Gao Cuiyun murmuró: —Se lo dije a He Ze.

Dijo que era normal.

La señora He la regañó enfadada: —¿Qué va a saber un hombre como He Ze?

Ya has tenido tres hijos, ¿y todavía no lo sabes?

¡Sangrar sin parar puede matarte!

Date prisa y prepárate, vamos al hospital.

Esto es horrible.

La gente pensará que la familia He maltrata a sus nueras.

Gao Cuiyun dudó.

—Madre, probablemente no necesitemos ir al hospital, ¿verdad?

Podemos conseguir alguna medicina para detener la hemorragia.

Ir al hospital costará mucho, y He Ze acaba de comprar esa bicicleta.

A la familia no le queda dinero.

El rostro de la señora He estaba pálido de ira.

—Ya no sé ni qué deciros a los dos.

Os habéis gastado todo el dinero de la familia en una bicicleta y no habéis dejado ni un céntimo para emergencias.

¿Cómo vais a apañároslas en el futuro?

Gao Cuiyun bajó la cabeza, sin decir nada.

Al verla así, la señora He se sintió aún más impotente.

Dio un portazo y se fue.

Esa tarde, cuando He Ze regresó, la señora He lo llamó de inmediato.

En cuanto He Ze entró, la señora He se la soltó.

—¿Tu mujer está pálida como un fantasma, estás ciego?
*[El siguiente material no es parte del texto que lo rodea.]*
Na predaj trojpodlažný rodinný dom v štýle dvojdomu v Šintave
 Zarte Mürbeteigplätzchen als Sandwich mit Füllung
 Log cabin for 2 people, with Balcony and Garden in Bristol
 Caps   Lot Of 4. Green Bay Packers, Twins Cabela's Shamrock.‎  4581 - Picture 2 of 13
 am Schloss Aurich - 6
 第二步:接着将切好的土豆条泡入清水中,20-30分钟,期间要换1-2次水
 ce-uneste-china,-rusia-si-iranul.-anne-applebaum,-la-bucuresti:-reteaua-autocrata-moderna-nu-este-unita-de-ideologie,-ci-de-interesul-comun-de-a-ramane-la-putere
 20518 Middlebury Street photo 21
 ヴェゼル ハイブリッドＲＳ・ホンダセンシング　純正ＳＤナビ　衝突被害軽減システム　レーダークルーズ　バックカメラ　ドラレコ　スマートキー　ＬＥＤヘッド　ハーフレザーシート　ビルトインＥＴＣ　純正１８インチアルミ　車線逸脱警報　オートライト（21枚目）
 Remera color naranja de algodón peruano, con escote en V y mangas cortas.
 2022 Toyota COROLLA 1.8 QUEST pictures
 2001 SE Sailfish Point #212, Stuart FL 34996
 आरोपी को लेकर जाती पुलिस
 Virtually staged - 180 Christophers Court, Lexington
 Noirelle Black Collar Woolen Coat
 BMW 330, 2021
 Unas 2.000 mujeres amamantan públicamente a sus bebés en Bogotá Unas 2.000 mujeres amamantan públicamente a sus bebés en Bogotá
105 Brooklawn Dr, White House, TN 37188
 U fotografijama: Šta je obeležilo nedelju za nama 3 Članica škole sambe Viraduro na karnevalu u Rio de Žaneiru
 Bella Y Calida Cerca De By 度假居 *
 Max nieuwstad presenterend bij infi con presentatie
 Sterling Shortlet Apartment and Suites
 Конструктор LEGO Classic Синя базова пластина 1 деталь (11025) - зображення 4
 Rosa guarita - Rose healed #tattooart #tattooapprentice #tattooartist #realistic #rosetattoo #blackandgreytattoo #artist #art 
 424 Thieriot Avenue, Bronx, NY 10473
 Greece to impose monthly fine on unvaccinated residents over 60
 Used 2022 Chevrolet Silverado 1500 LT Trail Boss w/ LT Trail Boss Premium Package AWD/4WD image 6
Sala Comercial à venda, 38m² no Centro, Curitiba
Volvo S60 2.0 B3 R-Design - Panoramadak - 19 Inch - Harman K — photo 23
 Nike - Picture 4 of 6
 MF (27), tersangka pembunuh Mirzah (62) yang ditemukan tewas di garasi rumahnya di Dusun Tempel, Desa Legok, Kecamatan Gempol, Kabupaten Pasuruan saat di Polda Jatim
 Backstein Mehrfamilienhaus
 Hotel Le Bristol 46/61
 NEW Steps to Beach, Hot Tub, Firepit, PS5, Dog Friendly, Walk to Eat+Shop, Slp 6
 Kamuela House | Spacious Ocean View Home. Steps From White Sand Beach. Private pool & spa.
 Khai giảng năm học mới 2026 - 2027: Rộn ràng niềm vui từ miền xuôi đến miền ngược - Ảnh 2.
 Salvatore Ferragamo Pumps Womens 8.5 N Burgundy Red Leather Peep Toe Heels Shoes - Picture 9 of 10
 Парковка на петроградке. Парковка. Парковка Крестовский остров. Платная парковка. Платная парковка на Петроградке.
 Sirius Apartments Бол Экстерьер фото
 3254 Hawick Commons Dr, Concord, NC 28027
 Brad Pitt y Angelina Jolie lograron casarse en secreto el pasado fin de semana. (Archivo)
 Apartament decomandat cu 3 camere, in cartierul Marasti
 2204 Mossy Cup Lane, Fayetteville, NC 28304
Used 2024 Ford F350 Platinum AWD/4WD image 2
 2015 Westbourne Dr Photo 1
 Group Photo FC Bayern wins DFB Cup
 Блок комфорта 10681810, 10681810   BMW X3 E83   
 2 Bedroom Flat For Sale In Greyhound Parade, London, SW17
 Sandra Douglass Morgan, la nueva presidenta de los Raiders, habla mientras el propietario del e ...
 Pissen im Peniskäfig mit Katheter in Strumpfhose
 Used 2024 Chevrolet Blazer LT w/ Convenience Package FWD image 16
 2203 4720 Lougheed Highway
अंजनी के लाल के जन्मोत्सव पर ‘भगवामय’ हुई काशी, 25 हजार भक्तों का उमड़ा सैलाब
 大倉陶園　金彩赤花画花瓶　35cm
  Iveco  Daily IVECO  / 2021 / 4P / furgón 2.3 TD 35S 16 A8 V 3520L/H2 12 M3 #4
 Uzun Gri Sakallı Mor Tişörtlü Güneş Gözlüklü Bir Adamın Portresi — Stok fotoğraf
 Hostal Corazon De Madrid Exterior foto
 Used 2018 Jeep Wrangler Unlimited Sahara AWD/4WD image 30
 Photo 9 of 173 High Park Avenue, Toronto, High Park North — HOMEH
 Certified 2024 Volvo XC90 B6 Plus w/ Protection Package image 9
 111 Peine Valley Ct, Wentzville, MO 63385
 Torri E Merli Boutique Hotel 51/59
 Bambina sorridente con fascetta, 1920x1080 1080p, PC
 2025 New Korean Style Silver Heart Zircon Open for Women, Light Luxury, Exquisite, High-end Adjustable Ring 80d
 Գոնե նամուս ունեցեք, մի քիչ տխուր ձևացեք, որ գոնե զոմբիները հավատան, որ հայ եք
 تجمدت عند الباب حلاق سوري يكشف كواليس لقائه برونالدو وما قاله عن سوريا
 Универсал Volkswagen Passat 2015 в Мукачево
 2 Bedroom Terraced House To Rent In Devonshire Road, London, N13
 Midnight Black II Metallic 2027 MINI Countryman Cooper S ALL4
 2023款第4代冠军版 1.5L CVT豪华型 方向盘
¡Lleva dos meses sangrando sin parar!

Un poco más y estará muerta.

Casarse contigo ha sido la peor suerte que ha tenido en su vida.

He Ze se quedó atónito.

—Madre, ¿de qué estás hablando?

¿No es normal sangrar después de dar a luz?

—¡Tonterías!

¿Llamas normal a sangrar durante dos meses seguidos?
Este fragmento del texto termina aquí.